Pennsylvania appeals, contending that (1) it is entitled to be reimbursed by Illinois as co-employer of petitioner's decedent for compensation payments it had made in excess of its proportionate share of the award; (2) it has a right of contribution against Illinois, and therefore an enforceable remedy; and (3) its petition for reimbursement by Illinois was timely.
[93 NJSuper Page 289]
On January 24, 1963 petitioner, widow of the deceased employee, filed a dependency claim petition for compensation with the Division, alleging that her husband's employer at the time of the accident was Pennsylvania. There was no mention of Illinois, either as employer or co-employer. Pennsylvania's answer to the petition was silent as to any possible joint employment of decedent by Illinois.
In his findings the compensation judge stated that the sole issue was "whether decedent was an employee of the respondent corporation [Pennsylvania] at the time of his accident and death." However, in discussing the details of the employment, he found as a fact that decedent had been employed by both Pennsylvania and Illinois. Since Illinois was not a named respondent in the original proceedings and had not been impleaded by Pennsylvania, judgment was entered on September 16, 1964 against Pennsylvania only, directing it to pay the death benefits provided by the Workmen's Compensation Act.
New Jersey Manufacturers Casualty Insurance Company (Manufacturers) was obligated under a workmen's compensation insurance policy to defend and indemnify Pennsylvania, and was making payments to petitioner pursuant to the Division judgment. Claiming a right of subrogation to Pennsylvania under the terms of its policy, Manufacturers filed a petition on January 5, 1965, praying that the Division determine that decedent was jointly employed by Pennsylvania and Illinois, and directing Illinois to pay its proportionate share of the award. Illinois answered, alleging that the compensation judge's finding of a joint employment was not binding on Illinois since it was not a party to the original proceedings; decedent was not its employee; Pennsylvania's petition was not a proper procedure under our Workmen's Compensation Act, and there was no provision in the statute for contribution between joint employers where the compensation proceedings had been brought against only one.
Thereafter Manufacturers, as Pennsylvania's subrogee, moved on April 13, 1965 for an order vacating the September
[93 NJSuper Page 290]
16, 1964 judgment and reopening the Division proceedings to allow for the production of additional proofs, so that "petitioner's joint employment by respondent [Illinois] as previously found by the Court, may be adjudicated and determined at a time when both joint employers are formally before the Court" -- this to the end that the adjudication of joint employment be made binding upon each employer. The compensation judge denied the motion to vacate and reopen, and dismissed for lack of jurisdiction the earlier petition seeking reimbursement. On appeal the County Court affirmed, holding that the motion to vacate and reopen was out of time, and that the Division had no jurisdiction to entertain the claim petition. This appeal followed.

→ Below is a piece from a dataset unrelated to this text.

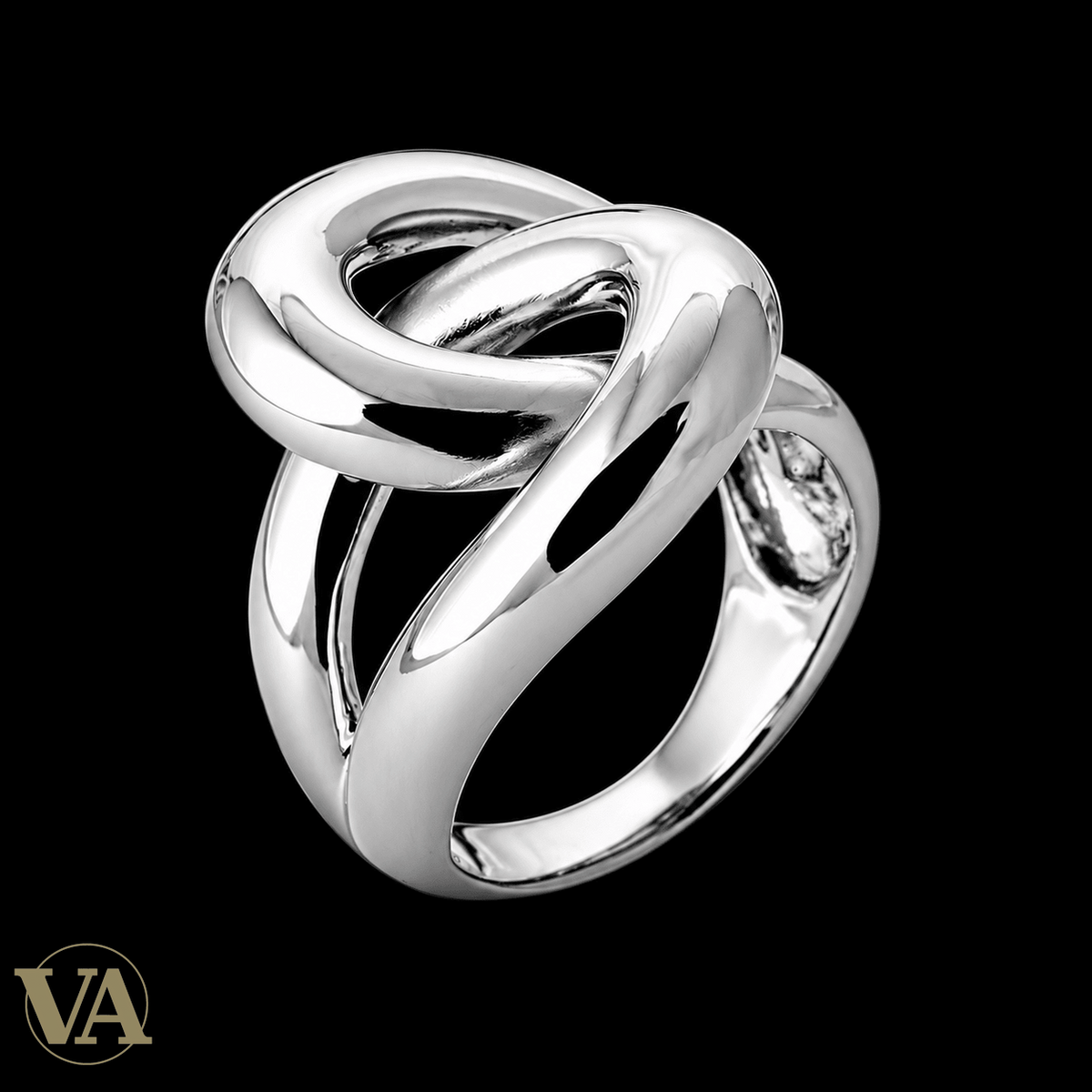 Bague Femme Argent 925 Rhodié – Nœud Sculptural aux Courbes Polies - Argent 925 - Vindicta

Had petitioner brought both Pennsylvania and Illinois before the Division, the compensation judge (the proofs, of course, permitting) could have adjudged both companies jointly liable for compensation benefits. See Del Peso v. H.A. Bar and Restaurant Co., Inc., 75 N.J. Super. 108 (App. Div. 1962), certification denied 38 N.J. 309 (1962); Andersen v. Well-Built Homes of Central Jersey, Inc., 69 N.J. Super. 246 (App. Div. 1961). Were such judgment entered against both employers, petitioner could recover from either or both, and a right of contribution would exist in case one or the other employer refused to pay its pro rata share. Here, however, we do not have such a judgment. See New Amsterdam Casualty Co. v. Popovich, 18 N.J. 218 (1955), for a discussion of the right of contribution between joint employers and of the question of subrogation.
Pennsylvania urges the applicability of that case to its claim that it is entitled to reimbursement for a proportionate share of the award. We find Popovich inapposite. While an insurance carrier may be the subrogee of an employee against a third-party tortfeasor, or of an employer against a co-employer under some circumstances where there is a joint judgment, it does not follow that it has a right of subrogation to an employee's compensation rights against a co-employer who has not been adjudicated as such. It must be remembered that
[93 NJSuper Page 291]
Illinois was not a party to the original dependency claim proceedings, see R.S. 34:15-51 and 52, nor was it impleaded by Pennsylvania. The only issue truly before the Division, as stated by the compensation judge, was whether Pennsylvania was an employer. Illinois never had the opportunity of presenting proofs to sustain a claim that it was not decedent's employer, so that any statement by the compensation judge concerning Illinois was at best dictum.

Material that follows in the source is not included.